La loi de finances pour 2004 a organisé la globalisation de plusieurs dotations dans la dotation forfaitaire, perçues
antérieurement de manière séparée.
Dans la continuité de cette réforme, la loi de finances pour 2005 a aménagé la structure interne de la dotation
forfaitaire, en distinguant quatre parts en son sein.
La dotation forfaitaire pour 2006 se calculera alors de la manière suivante.
Dotation de base
Dotation de base = Population DGF x montant par habitant
Pour 2006, la dotation de base de chaque commune est constatée en appliquant à sa population DGF le montant qui
lui correspond dans la fourchette qui va de 60 euros à 120 euros par habitant en 2005, ces montants étant indexés en
2006 par le comité des finances locales, selon un taux pouvant aller jusqu’à 75 % du taux d’évolution de l’ensemble des ressources de la DGF. Par exemple, s’il fixe le taux d’indexation à 75 % du taux de croissance de la DGF (2,73 % en 2006), les montants par habitant seront compris entre 61,23 euros et 122,46 euros par habitant. Chaque commune bénéficie à la fois de la revalorisation du montant par habitant fixée par le CFL et de l’augmentation de sa population.
Depuis 2005, les variations de population sont intégralement prises en compte pour le calcul de la dotation de base dans la dotation forfaitaire.
Il faut rappeler par ailleurs que, lorsqu’une commune effectue un recensement complémentaire une année N,
l’augmentation de population qui en résulte est prise en compte pour les dotations de l’année N+1 ; par ailleurs, en N+2, la commune doit effectuer un recensement de confirmation, pour s’assurer notamment que la population « fictive » attribuée par l’INSEE à chaque logement en chantier lors du recensement complémentaire, a ou non été suivie d’une arrivée effective d’habitants. Le cas échéant, la dotation forfaitaire de la commune est recalculée pour l’avenir, de manière à ne pas conserver au-delà de deux ans le bénéfice d’une population fictive indue.
Dotation proportionnelle à la superficie
Dotation superficie = superficie en hectares x 3 euros
Précisions :
1.Pour les communes situées en zone de montagne, cette dotation est calculée sur la base de 5 euros par
hectare.
2. Pour les communes de Guyane, la dotation « superficie » ne peut être supérieure au triple du montant de
la dotation de base.
À compter de 2006, cette part évolue selon le taux fixé par le comité des finances locales pour la dotation de base,
pouvant aller au plus jusqu’à 75 % du taux de croissance de la DGF.
3. Complément de garantie
Garantie 2006 = garantie 2005 x (1 + 25 % du taux DGF)

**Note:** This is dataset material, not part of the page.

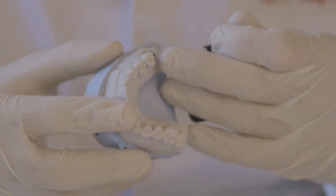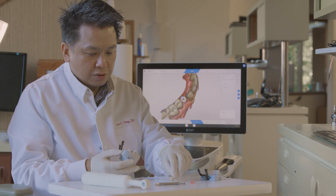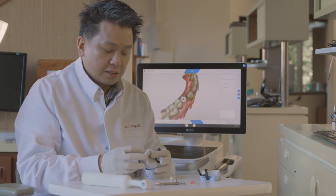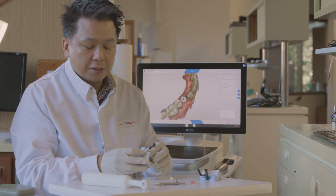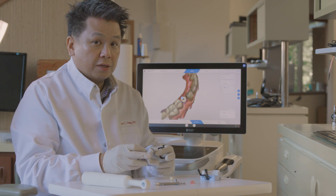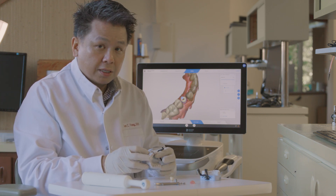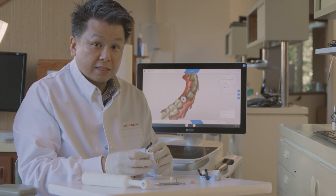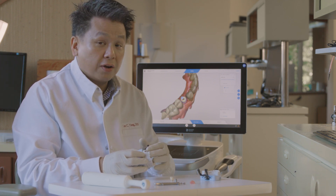Now in the mouth, of course, you're going to torque it down. In this case, I'm using a Stroma bone level implant, and the torque specification for this is going to be 35 Newton centimeters. If you are using different implant brands, please check with the manufacturer regarding what the torque specs are. In this case, it's 35 Newton centimeters.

Le législateur a garanti en 2005 à chaque commune une dotation forfaitaire au moins égale au montant de 2004
indexé de +1 % (hors montants correspondant à la suppression de la part « salaires » de la taxe professionnelle et à la compensation des baisses de DCTP). Cette garantie a permis de calculer après déduction de la dotation de base et de la dotation proportionnelle à la superficie un complément de garantie.
À compter de 2006, cette part est figée et indexée selon un taux égal à 25 % du taux de croissance de la DGF. Le
taux de progression de la DGF étant de 2,73 % en 2006, la garantie évolue selon un taux de 0,68 %.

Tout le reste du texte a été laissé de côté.